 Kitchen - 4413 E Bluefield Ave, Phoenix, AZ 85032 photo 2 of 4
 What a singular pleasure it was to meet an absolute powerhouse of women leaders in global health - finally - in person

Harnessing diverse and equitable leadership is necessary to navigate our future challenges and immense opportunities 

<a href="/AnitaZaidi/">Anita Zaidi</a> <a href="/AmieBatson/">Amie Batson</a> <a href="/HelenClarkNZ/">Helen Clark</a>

--

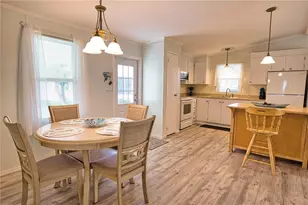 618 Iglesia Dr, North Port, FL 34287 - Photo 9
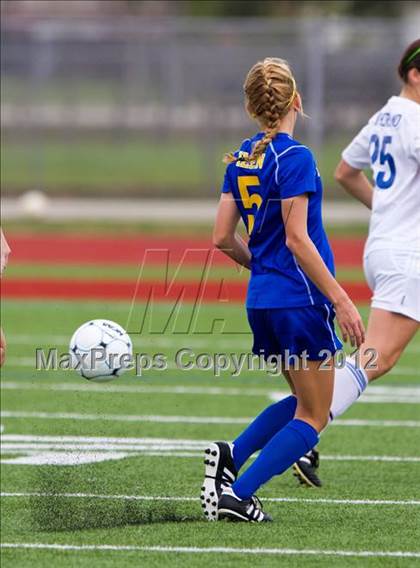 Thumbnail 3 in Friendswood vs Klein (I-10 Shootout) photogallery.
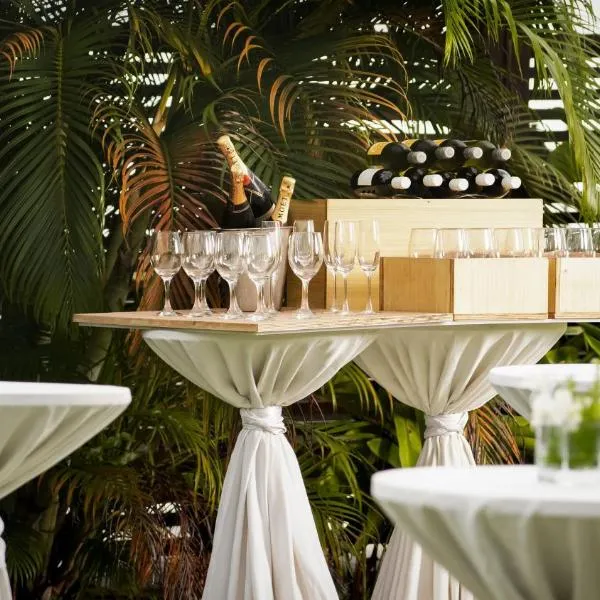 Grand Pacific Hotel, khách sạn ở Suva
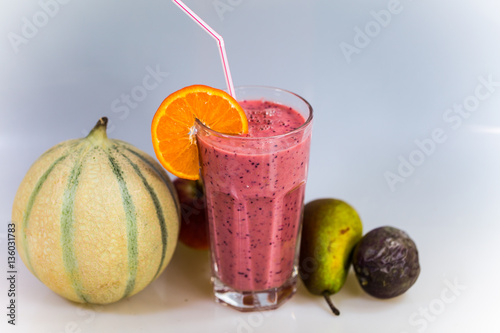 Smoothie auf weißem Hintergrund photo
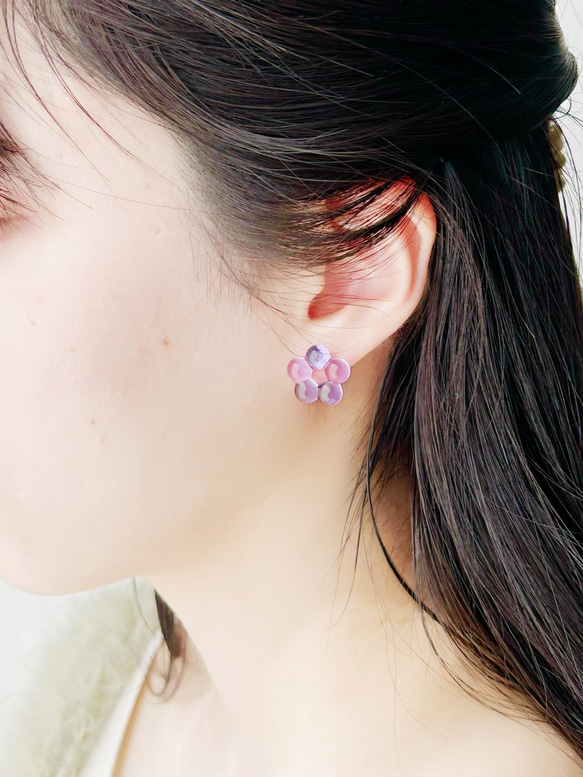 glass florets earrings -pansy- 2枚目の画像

==

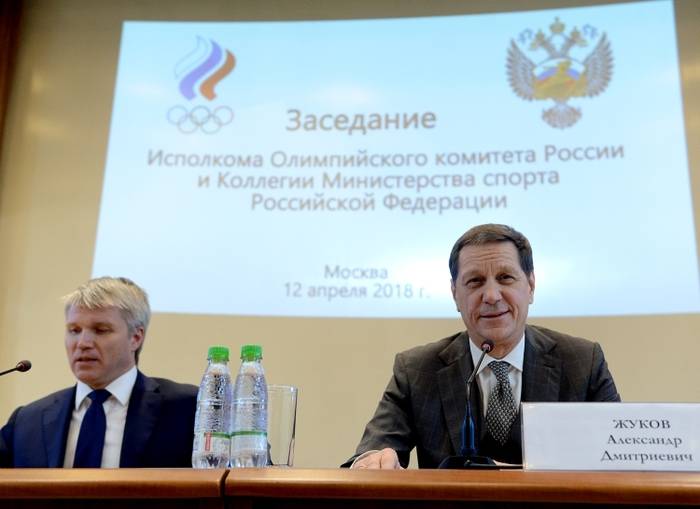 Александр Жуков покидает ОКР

#### Required work
Return only the stretch above from the line containing "Smoothie auf weißem Hintergrund photo" through the line containing "glass florets earrings -pansy- 2枚目の画像", word for word and without pictures.

#### Task solution
 Smoothie auf weißem Hintergrund photo
 glass florets earrings -pansy- 2枚目の画像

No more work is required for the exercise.